Yesterday, I posted about the Partnership for Public Space’s Tuesday presentation, which I found to be largely based on supposition, incomplete, and improperly presented to the assembled audience. I can’t believe the ECHDC spent money on that, and all to shut a couple of loudmouths up.

A camel is a horse designed by committee, so while it’s nice that we crowdsource the 9,000th iteration of what the waterfront should be, we need a real solution to downtown’s problems. The central business district is a wasteland. We’re now talking about creating a new little shopping district at the foot of Main Street out of whole cloth. But even if we build it, how do you ensure that they come, and that it’s sustainable? Just being there for when hockey or lacrosse games get out isn’t enough. Just being there in nice weather isn’t enough.  It has to be something people want to come to, and people want to return to.

In an economically depressed and shrinking town where entrepreneurship is sorely needed – especially among disadvantaged populations – we can turn downtown Buffalo into something attractive not by centrally planning a waterfront, or doing a 2011 version of what really amounts to 50s era urban renewal. Two votes and a stroke of a pen is all that’s needed.

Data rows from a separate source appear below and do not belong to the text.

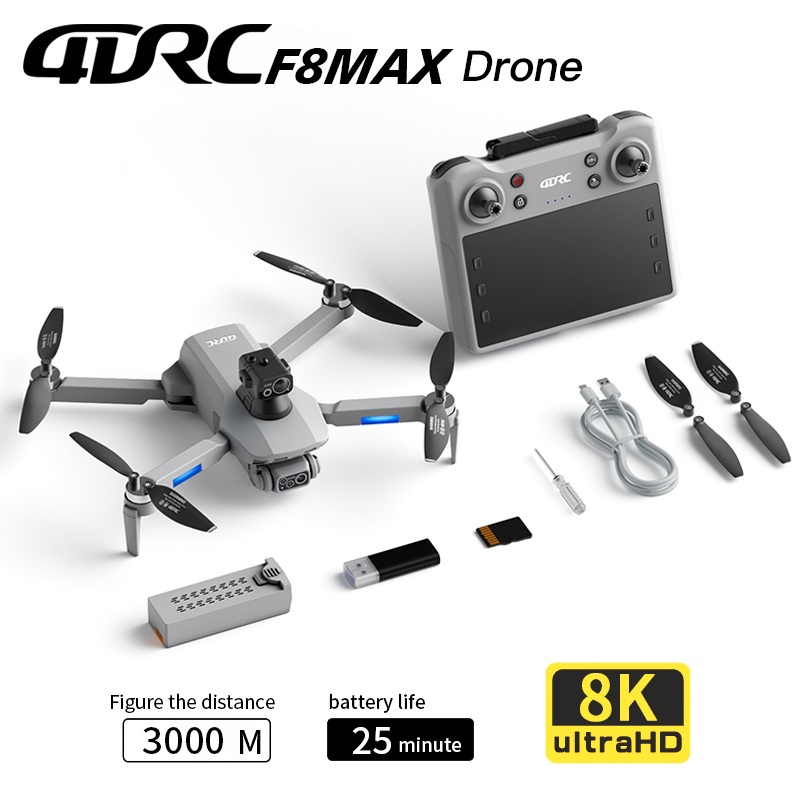 F8 MAX GPS Дрон Профессиональн – обзор и цена Drone Photogrammetry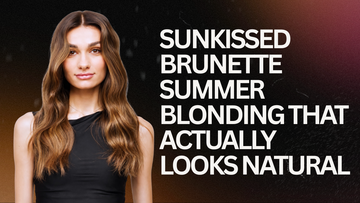 Sunkissed Brunette Summer Blonding That Actually Looks Natural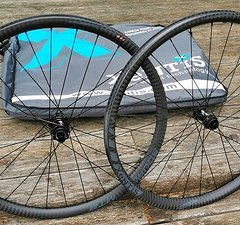 Xentis Squad 3.0 MTB carbon handmade enduro wheels, NEU!!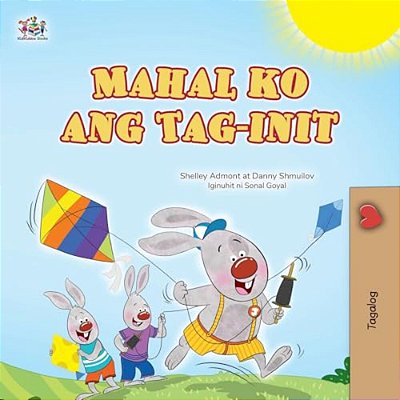 I Love Summer (Tagalog Children's Book)-..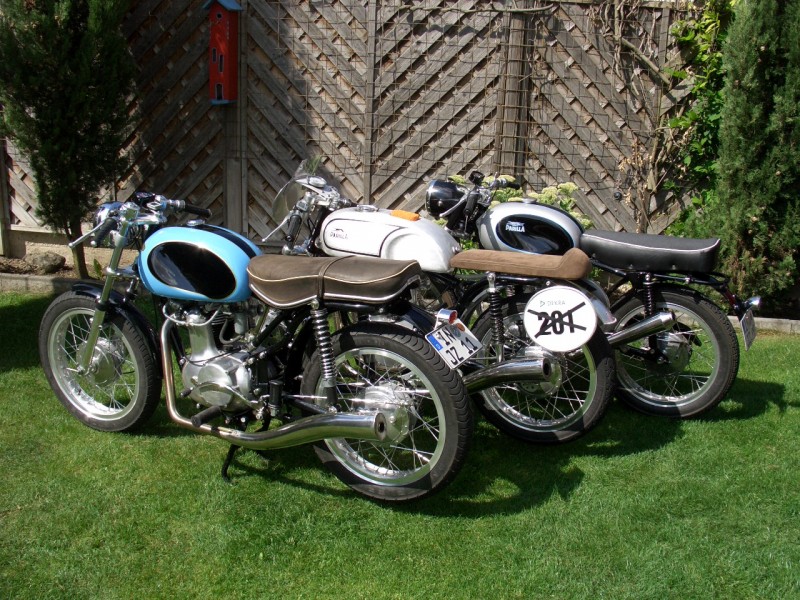 Victoria - Parilla 175 ccm, Moto Parilla 250 ccm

The area outlined in red ought to be designated a special economic zone. And yes, I use that term specifically to liken it to what China has done to help build and modernize its industry.

Frankly, I wouldn’t be opposed to all of Erie and Niagara Counties being designated special economic zones, but for the purposes of this argument, I’m just focusing on what should be Buffalo’s downtown commercial core.

There are myriad problems with downtown and planning that need to be addressed – above all, modernization and coordination of parking that is relegated to ramps and underground lots. Every parcel within that red zone that isn’t built on should be shovel-ready land. The zoning code should require parking for new development to be adequate and hidden. This means extra cost, but the benefits of locating to the special economic zone means lower taxes and streamlined regulatory processes.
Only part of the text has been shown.